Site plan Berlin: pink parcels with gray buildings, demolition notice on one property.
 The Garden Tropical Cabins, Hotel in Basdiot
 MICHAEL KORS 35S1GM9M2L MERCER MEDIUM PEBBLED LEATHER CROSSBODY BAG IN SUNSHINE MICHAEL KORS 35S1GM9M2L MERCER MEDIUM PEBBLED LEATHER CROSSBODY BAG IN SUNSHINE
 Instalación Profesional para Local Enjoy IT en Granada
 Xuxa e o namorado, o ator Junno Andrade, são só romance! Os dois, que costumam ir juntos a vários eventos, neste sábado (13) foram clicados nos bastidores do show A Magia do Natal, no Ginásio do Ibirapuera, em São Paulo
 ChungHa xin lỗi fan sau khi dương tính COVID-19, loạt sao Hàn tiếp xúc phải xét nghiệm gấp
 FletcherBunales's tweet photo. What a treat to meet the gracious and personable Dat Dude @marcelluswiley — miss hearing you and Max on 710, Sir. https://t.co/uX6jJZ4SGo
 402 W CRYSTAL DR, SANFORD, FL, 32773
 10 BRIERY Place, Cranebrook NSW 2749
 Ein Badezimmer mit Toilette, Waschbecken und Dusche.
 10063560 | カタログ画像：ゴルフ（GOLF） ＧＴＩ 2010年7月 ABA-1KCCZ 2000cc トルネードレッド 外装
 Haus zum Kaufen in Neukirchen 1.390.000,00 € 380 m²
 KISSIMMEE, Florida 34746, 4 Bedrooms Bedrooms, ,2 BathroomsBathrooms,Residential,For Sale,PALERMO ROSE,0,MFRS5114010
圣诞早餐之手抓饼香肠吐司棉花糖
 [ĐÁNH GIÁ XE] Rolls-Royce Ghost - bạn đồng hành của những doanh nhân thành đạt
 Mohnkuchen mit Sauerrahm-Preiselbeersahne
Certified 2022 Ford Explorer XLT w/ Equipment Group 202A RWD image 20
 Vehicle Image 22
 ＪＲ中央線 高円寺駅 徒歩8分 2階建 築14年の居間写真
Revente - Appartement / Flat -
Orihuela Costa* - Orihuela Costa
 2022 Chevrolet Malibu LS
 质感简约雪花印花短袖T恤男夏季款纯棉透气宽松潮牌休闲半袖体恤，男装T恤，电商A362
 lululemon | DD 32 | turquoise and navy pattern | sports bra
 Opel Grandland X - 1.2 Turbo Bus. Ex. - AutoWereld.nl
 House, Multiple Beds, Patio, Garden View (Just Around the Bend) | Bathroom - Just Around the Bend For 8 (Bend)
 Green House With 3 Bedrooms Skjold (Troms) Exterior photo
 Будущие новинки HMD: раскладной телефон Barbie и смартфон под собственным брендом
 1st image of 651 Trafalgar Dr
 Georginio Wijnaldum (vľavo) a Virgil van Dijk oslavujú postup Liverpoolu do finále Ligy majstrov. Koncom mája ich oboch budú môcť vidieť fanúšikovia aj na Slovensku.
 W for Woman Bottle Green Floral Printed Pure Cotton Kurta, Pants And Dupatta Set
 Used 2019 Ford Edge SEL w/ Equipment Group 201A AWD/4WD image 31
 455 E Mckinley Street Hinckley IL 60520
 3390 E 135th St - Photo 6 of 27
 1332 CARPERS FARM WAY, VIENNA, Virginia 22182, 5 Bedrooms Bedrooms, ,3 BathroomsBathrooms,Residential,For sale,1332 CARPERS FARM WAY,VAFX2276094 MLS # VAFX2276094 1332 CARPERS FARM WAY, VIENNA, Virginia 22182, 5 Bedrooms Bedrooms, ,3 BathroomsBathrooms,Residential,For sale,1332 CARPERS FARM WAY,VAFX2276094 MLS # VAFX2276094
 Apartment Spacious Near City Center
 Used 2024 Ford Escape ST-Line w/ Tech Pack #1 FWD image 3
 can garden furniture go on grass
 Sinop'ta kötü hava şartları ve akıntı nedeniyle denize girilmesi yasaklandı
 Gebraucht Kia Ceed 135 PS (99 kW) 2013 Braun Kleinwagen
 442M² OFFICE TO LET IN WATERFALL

# # # #

- Exercise requirements -
The response must give every line from the material above that holds the string "Group".

- Solution for this problem -
Certified 2022 Ford Explorer XLT w/ Equipment Group 202A RWD image 20
 Used 2019 Ford Edge SEL w/ Equipment Group 201A AWD/4WD image 31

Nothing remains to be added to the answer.